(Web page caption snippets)
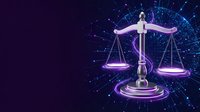 Digital justice scales with glowing neon effects on dark background representing legal technology, law firm services, and modern judicial system concepts.
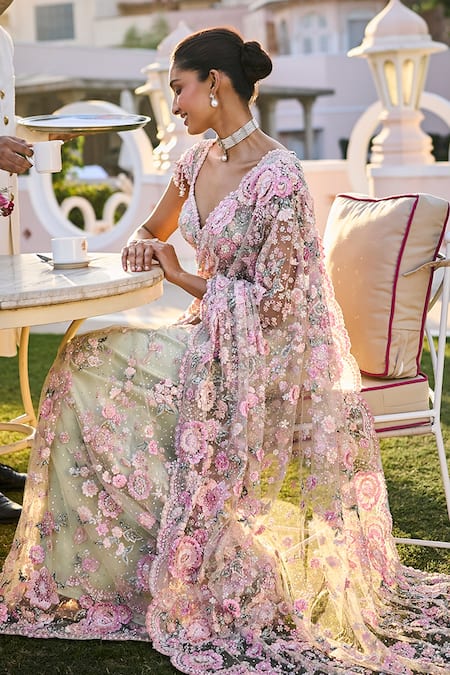 Shop_Seema Gujral_Green Net Embroidery, Sequins Sweetheart Neck Mint Floral Saree Set _Online_at_Aza_Fashions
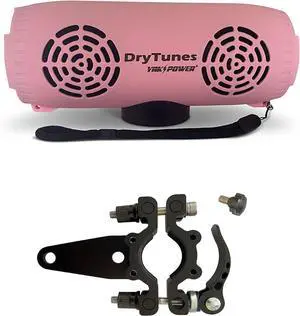 DryTunes | Outdoor | Portable | Waterproof (IP66) |Floating | Bluetooth Speaker Bundle | Party Button | Kayaks | Paddleboards | Home | Travel | Magnetic Base | Up to 40 hours playtime (Pink)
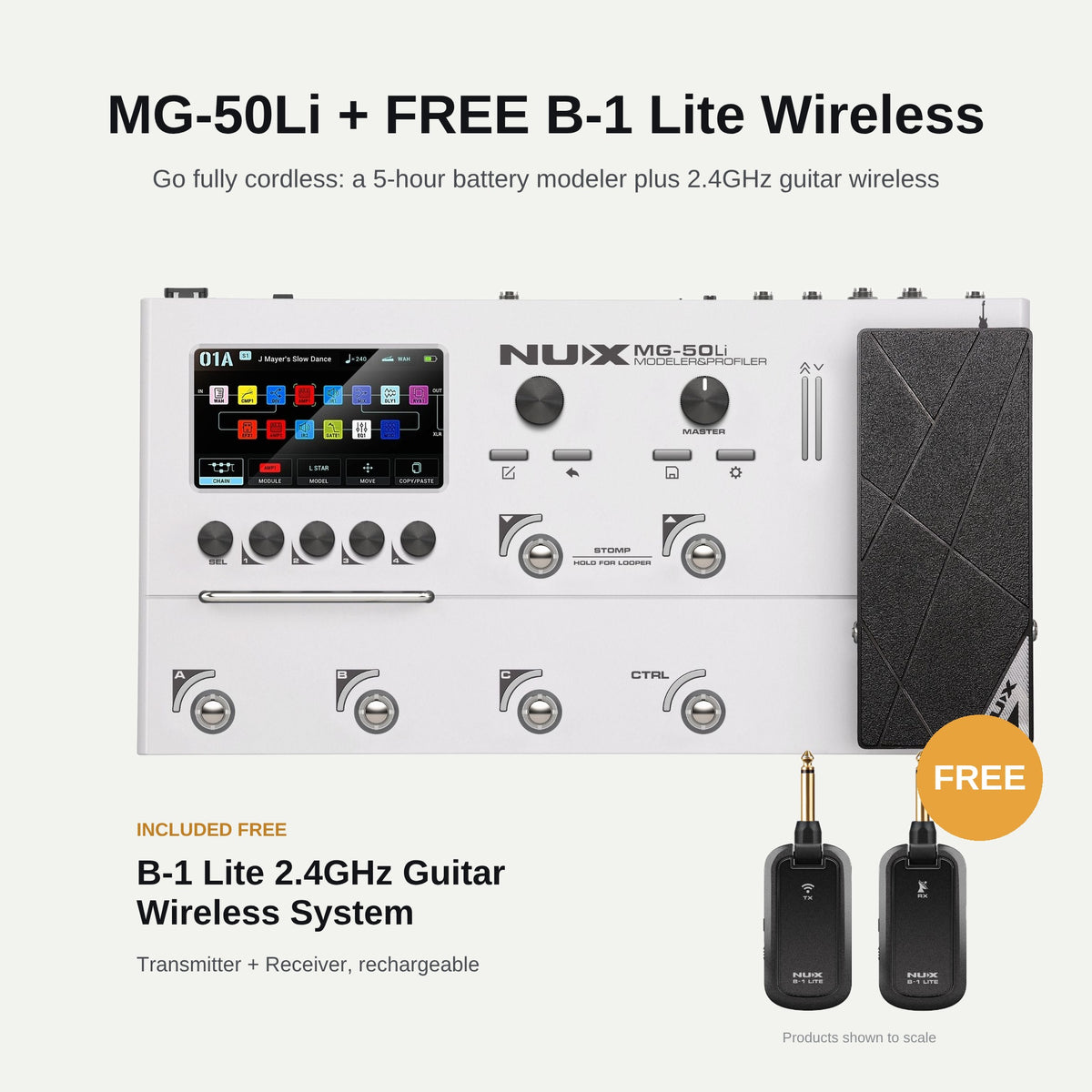MG-50Li White plus FREE B-1 Lite 2.4GHz guitar wireless bundle
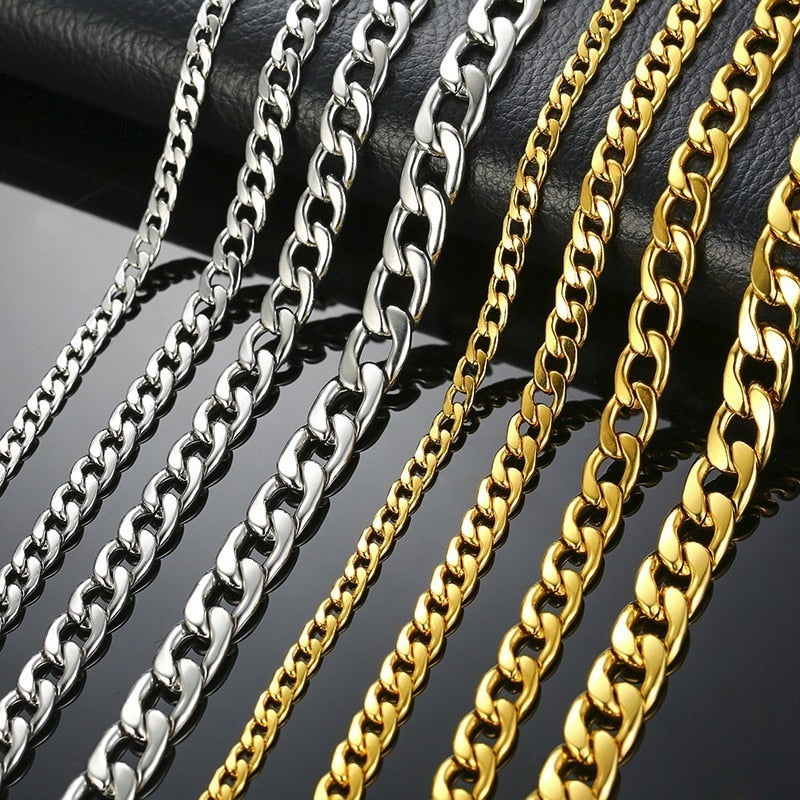 Men's Necklace Round Miami Cuban Link Chain Gold and Tone Stainless Steel Punk Boy Male Colar Gifts 24" - Shopeasywear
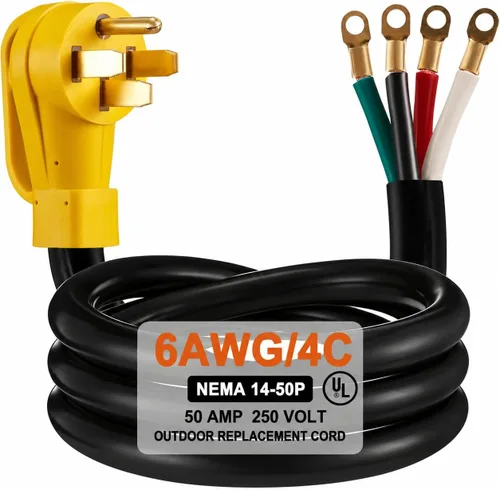 Vista 8 de Cable de alimentación de rango NEMA 14-50 resistente, STW 6AWG/4C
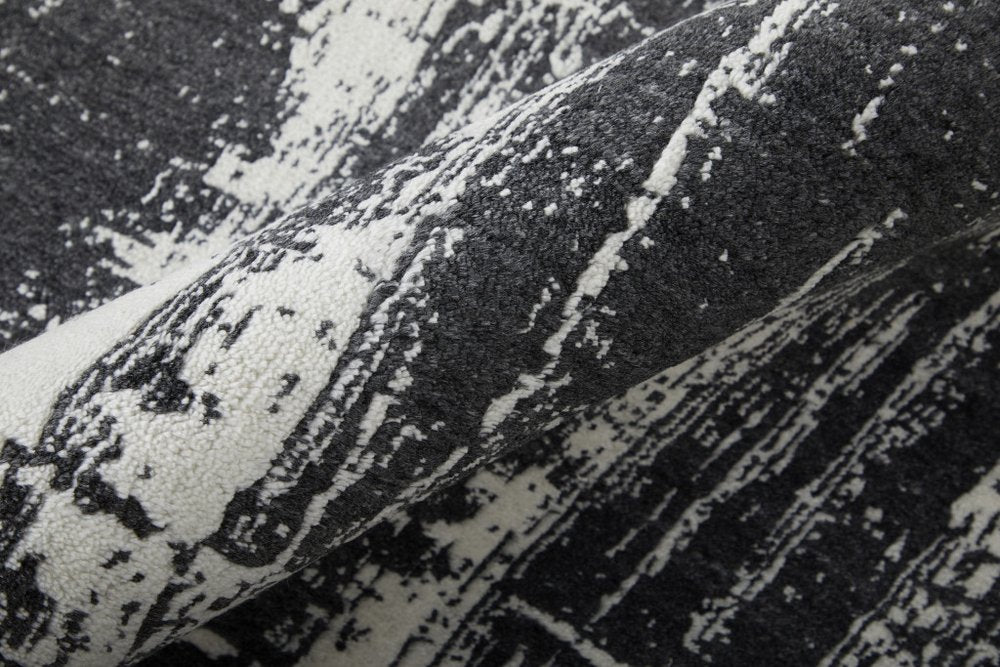 12' X 15' Black and Gray Abstract Hand Woven Area Rug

**Your goal:**
What should appear is an exact copy of the lines from the one containing "DryTunes | Outdoor" through the last line of the records above, pictures excluded.

**Answer box:**
 DryTunes | Outdoor | Portable | Waterproof (IP66) |Floating | Bluetooth Speaker Bundle | Party Button | Kayaks | Paddleboards | Home | Travel | Magnetic Base | Up to 40 hours playtime (Pink)
MG-50Li White plus FREE B-1 Lite 2.4GHz guitar wireless bundle
 Men's Necklace Round Miami Cuban Link Chain Gold and Tone Stainless Steel Punk Boy Male Colar Gifts 24" - Shopeasywear
 Vista 8 de Cable de alimentación de rango NEMA 14-50 resistente, STW 6AWG/4C
 12' X 15' Black and Gray Abstract Hand Woven Area Rug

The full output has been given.